一方の鶴橋監督は、阿部の演技や魅力をどう見ていたか? 「俺は生きていないだろうけど、この先、彼は笠智衆さんみたいになっていくんだろうな。クソがつくくらい真面目で、勉強熱心だ。応用力もある。だから、楽な仕事をさせてもらった。彼には、ヒントだけ言っておけばよかった。後半の殿に諌言する庭のシーンではスタッフが泣いているんです。これは阿部さんの演技の勝利です。愚直な侍がひと夏の江戸探検でどんどん色っぽくなって、最後は怒りだけで生きられるようになる。出ずっぱりだけども、見ていてまったく飽きなかった」と褒め称えた。

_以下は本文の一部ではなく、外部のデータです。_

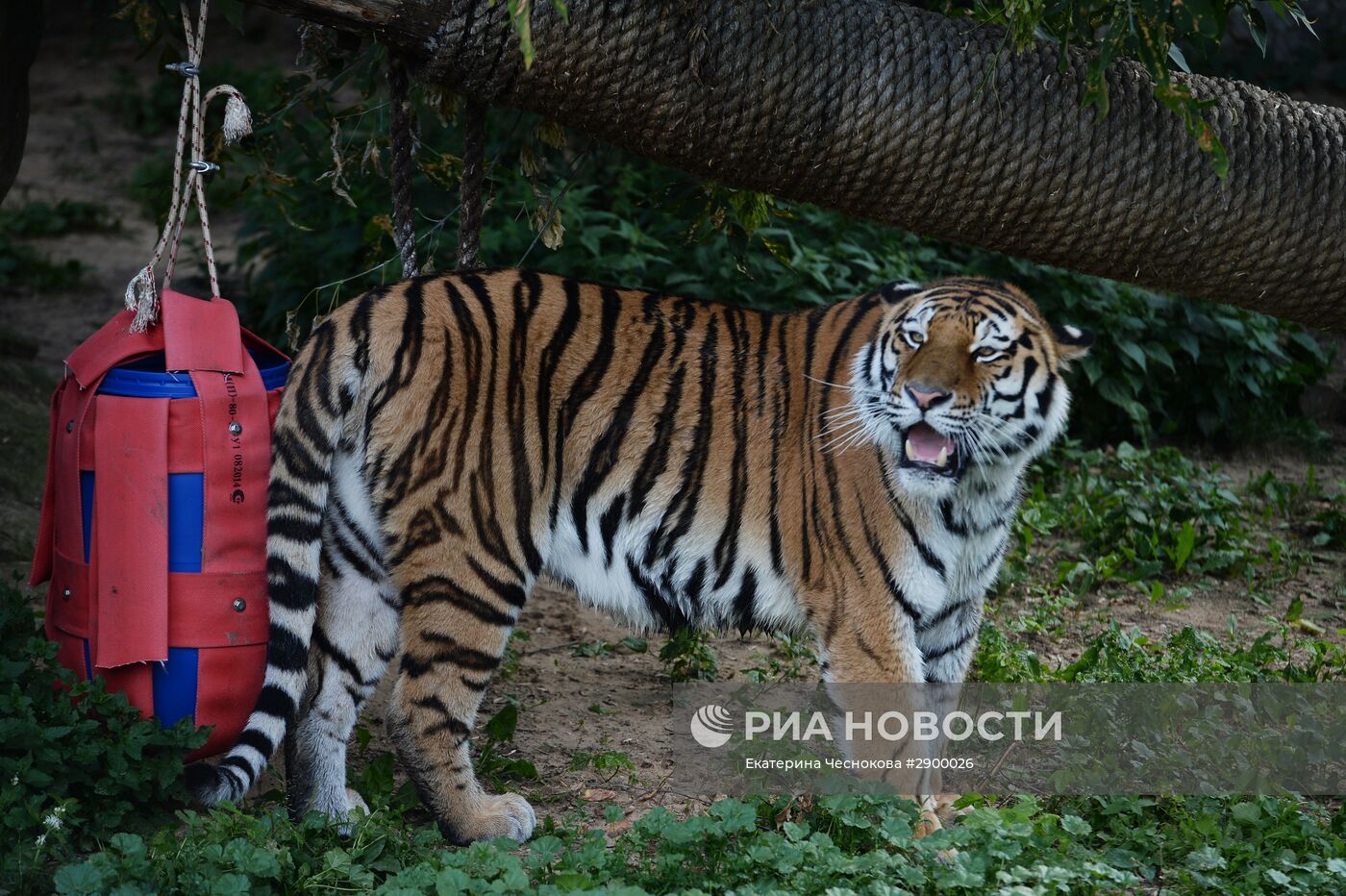 Амурский тигр стал новым питомцем Московского зоопарка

この大学の先輩でもある名匠の大絶賛には、阿部も照れ笑い。「いやぁ、プレッシャーかけないでくださいよ。これを励みに、頑張りたいと思います。なにせ、ここまで30年かけて、やってきたことですから、自分なりに丁寧に、抑えながら演じました。監督は『のびのびやってくれ』とおっしゃってくれましたけど、面白くやってしまうので、監督と相談しました」と話した。

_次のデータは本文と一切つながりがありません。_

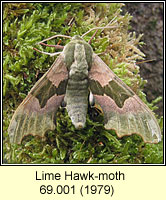 Lime Hawk-moth, Mimas tiliae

鶴橋監督は「よく、ここまで(の完成度まで)来られたよね。気分が高揚していて、うれしくて仕方がない。これで、この作品は俺の手から離れて観客の評価を受けることになる。彼と覚悟を分かち合って生きてきた『のみとり侍』が、大きな怪物に化けてくれればいいのだが……」と期待する。阿部には「次に何をやるかを考えてくれ。俺も考える。阿部ちゃんがびっくりするような役をエントリーしたい。その前に、これを当てないとな。見捨てられるからね」。最後はまろやかな低音を響かせ、豪快に笑ってみせた。

「のみとり侍」は5月18日、公開される。